Without the Gulf Stream, the UK would be as cold as Canada in winter. Ports could freeze over and snowstorms and blizzards would paralyse the country. An extreme version of this meteorological mayhem provided the film The Day After Tomorrow with its plotline. . . .

The Gulf Stream starts in the Gulf of Mexico and follows the eastern US seaboard before crossing the Atlantic towards western Europe. The heat it brings across the Atlantic gives Britain its temperate climate. The former chief scientist, Sir Robert May, once calculated that the Gulf Stream delivered 27,000 times the warmth that all Britain's power stations are capable of supplying.

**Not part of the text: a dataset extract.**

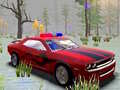 Joc Police Supercar Parking Mania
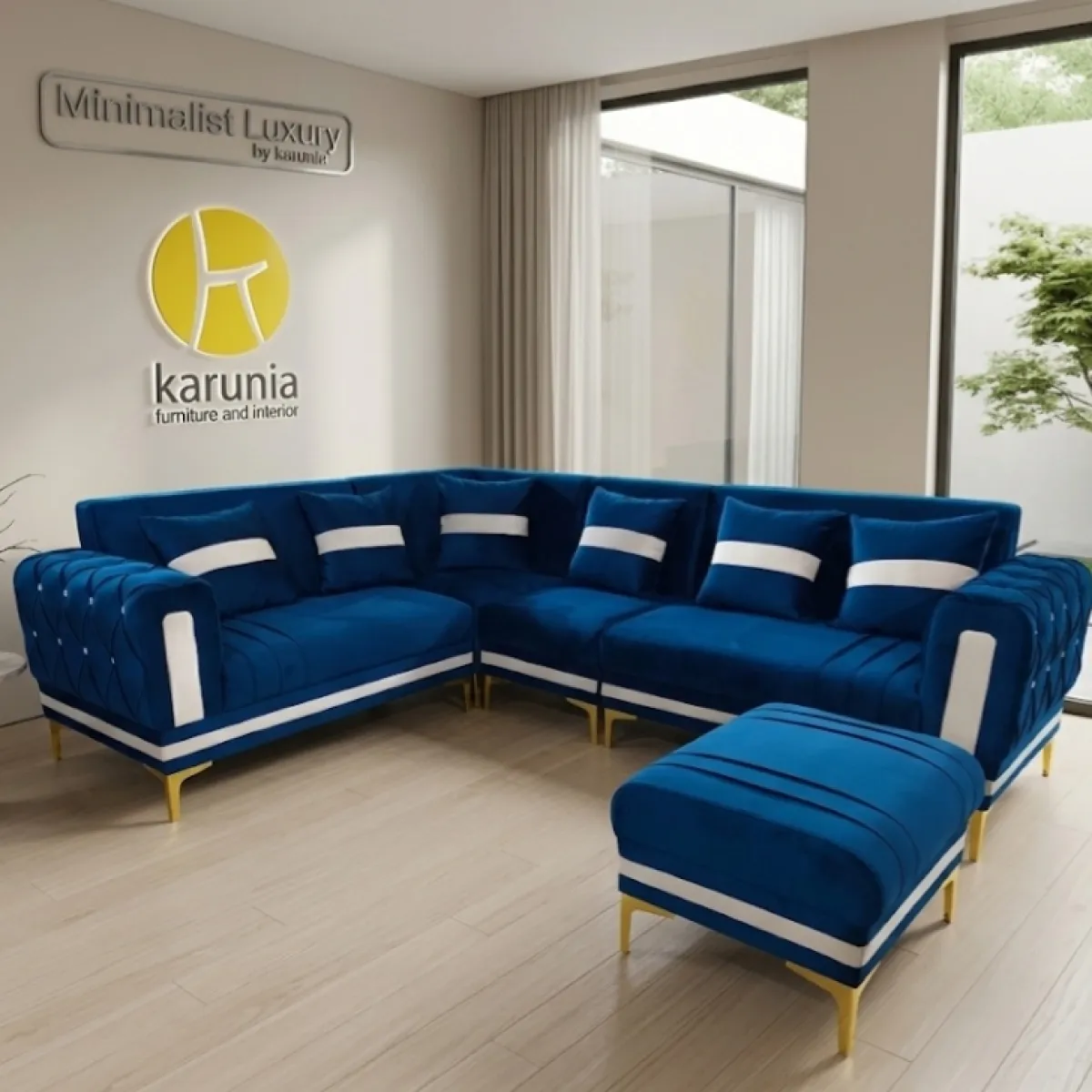 Sofa Tren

But scientists have recently warned that the current is threatened by meltwater from Greenland and the Arctic. As global warming takes a grip, glaciers and ice sheets are disappearing faster and faster. This could bring major cooling to western Europe. As the Intergovernmental Panel on Climate Change warned last year, the Gulf Stream is particularly warm and salty, and increasing amounts of fresh water pouring into it from the Arctic are likely to disrupt it. . . .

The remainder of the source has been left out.